We previously mentioned the Hebrew Scripture story of manna in the dessert, and it is worth noting the similarities to this story.

Moses (a shepherd to shepherd-less sheep) has lead thousands of Hebrew slaves, freed after centuries of brutal labour and violence in Egypt, out of the land of their captivity into the dessert (the same setting for our story) where they have nothing to eat.

God promises Manna (a Hebrew word for what? or what is it?) which falls from the sky, enough so that all may eat, as long as the following—no one takes more than they need, no one tries to accumulate more than they need for any given day, and that restraint be shown, specifically that none be collected on the sabbath (the first mention of the term).
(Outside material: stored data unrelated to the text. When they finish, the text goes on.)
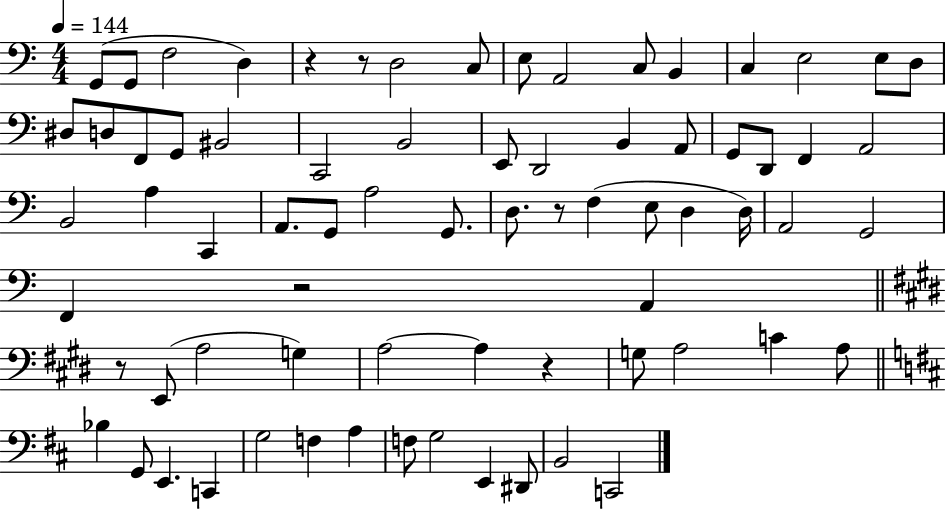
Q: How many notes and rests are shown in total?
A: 73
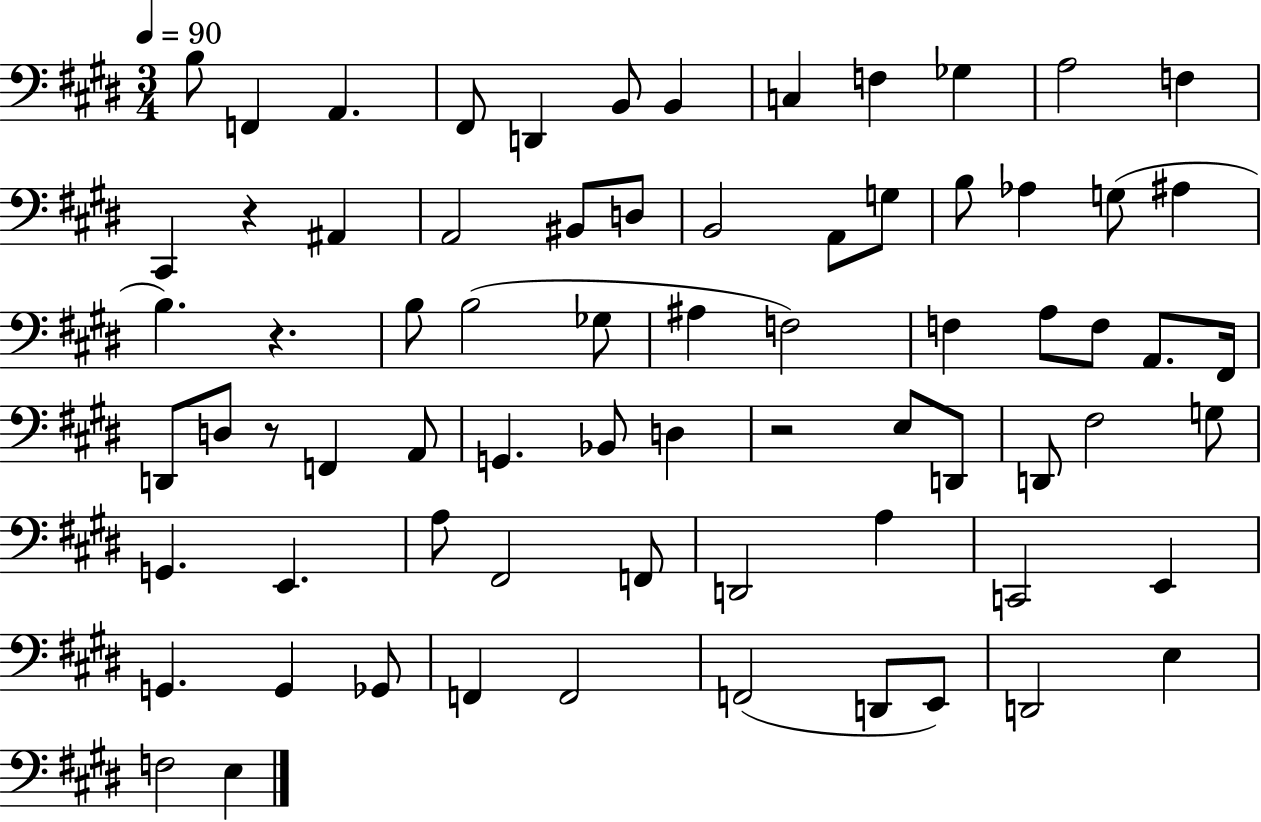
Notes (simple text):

B3/e F2/q A2/q. F#2/e D2/q B2/e B2/q C3/q F3/q Gb3/q A3/h F3/q C#2/q R/q A#2/q A2/h BIS2/e D3/e B2/h A2/e G3/e B3/e Ab3/q G3/e A#3/q B3/q. R/q. B3/e B3/h Gb3/e A#3/q F3/h F3/q A3/e F3/e A2/e. F#2/s D2/e D3/e R/e F2/q A2/e G2/q. Bb2/e D3/q R/h E3/e D2/e D2/e F#3/h G3/e G2/q. E2/q. A3/e F#2/h F2/e D2/h A3/q C2/h E2/q G2/q. G2/q Gb2/e F2/q F2/h F2/h D2/e E2/e D2/h E3/q F3/h E3/q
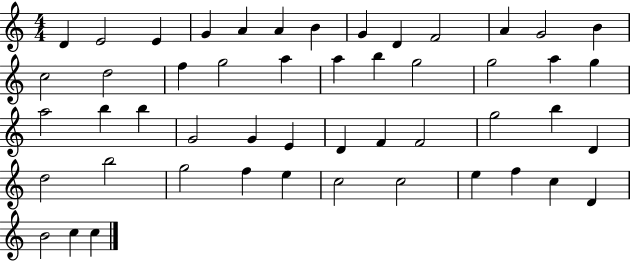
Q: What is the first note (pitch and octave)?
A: D4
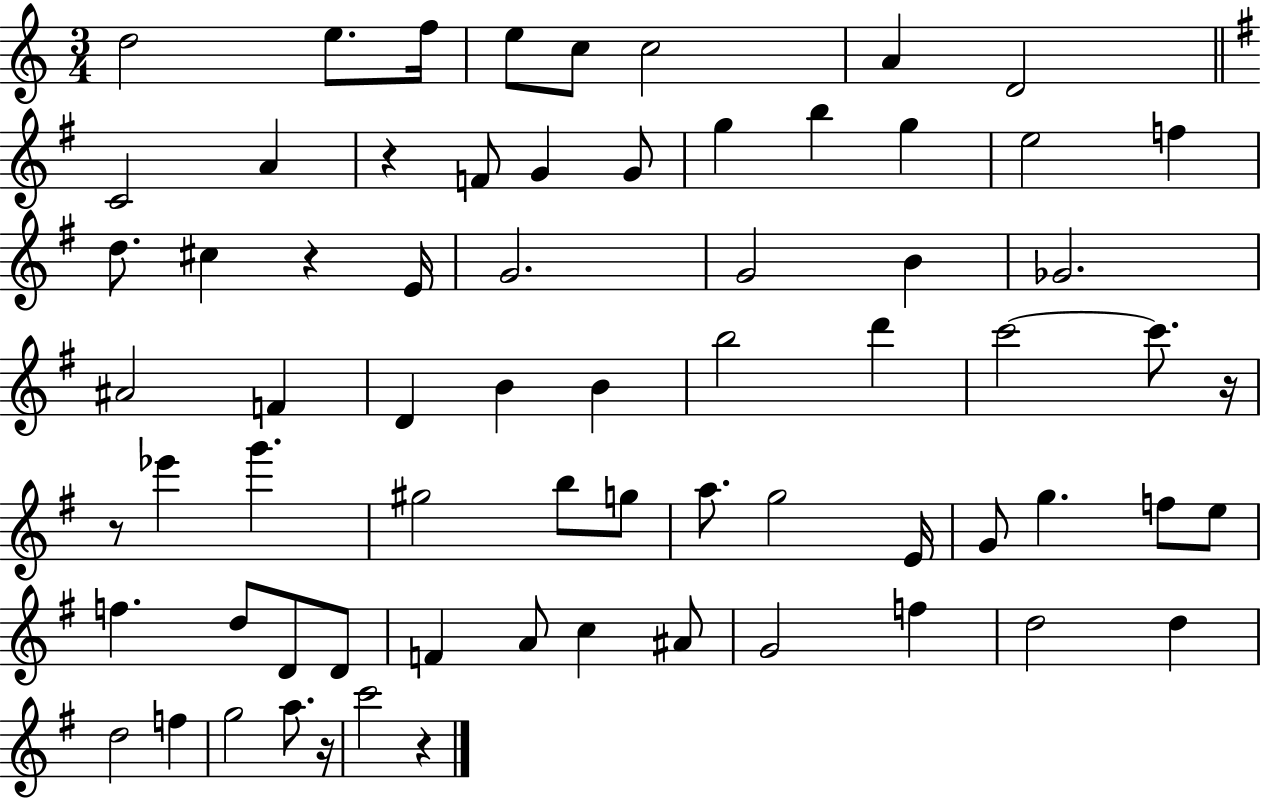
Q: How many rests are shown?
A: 6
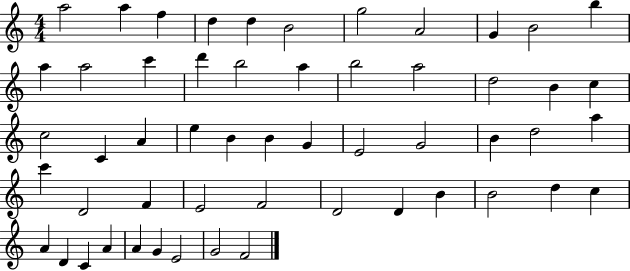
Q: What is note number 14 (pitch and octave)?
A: C6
Everyone eats. Everyone is full. No one is hungry.

A man came from Baal-shalishah (which incidentally is a delightful word to say), bringing twenty loaves of barely bread. A notable detail because this is the first grain to sprout, which means that these loaves were theoretically heading for ritual offering as in the practice of Shavout.

But here is a story wherein the needs of the people trumps the letter of religious law, recognizing that the religious ordinance is not for itself of itself but to remind the people of the gifts of harvest and its ability to support the people.

Everyone eats. Everyone is full. No one is hungry.

Bread from heaven—manna—what is it?

I believe that all of this is creating a cosmology, or an idea of how the world works, that the fruit of earth is gift, and is sufficient for the needs of all.

I began with a quote from Isaiah about coming to buy food for no money. Later in that same passage it reads…

For the rain and the snow come down from heaven,

   and do not return there until they have watered the earth,

making it bring forth and sprout,

   giving seed to the sower and bread to the eater,

Everyone eats. Everyone is full. No one is hungry.

I have spoken about my hesitance to title this narrative from Mark about Jesus and disciples, a hungry crowd and 5 loaves with a side of fish — it’s most commonly called a miracle of multiplication.

I think we can read it as such. There are also those who are convinced that what really happens in this story is that when the crowd sees some people willing to share their bread, that those who out of fear of scarcity had hidden their food bring it forward and add it to the feast — which one could also call rightly miraculous — turning an attitude of scarcity into one of abundance and generosity is not an easy task—nor is the community organizing (sit down in groups of 100s and 50s) that facilitates it.

My hesitancy is for us to label this a singularity and not a call to the community of Jesus to look around where there is hunger and give them something to eat.

Everyone eats. Everyone is full. No one is hungry.

To end, we mentioned Jesus’ action of taking, thanking, blessing, giving, and distributing as mirroring the communion or Eucharist meal—but that’s not 100% accurate—this story comes first, the Eucharist/Communion comes later, so we should not read the Last Supper back onto this to find its true church meaning, but perhaps we should read the Last Supper in the light of this—that the table is a reminder and a re-commissioning us to a ministry of abundance and compassion.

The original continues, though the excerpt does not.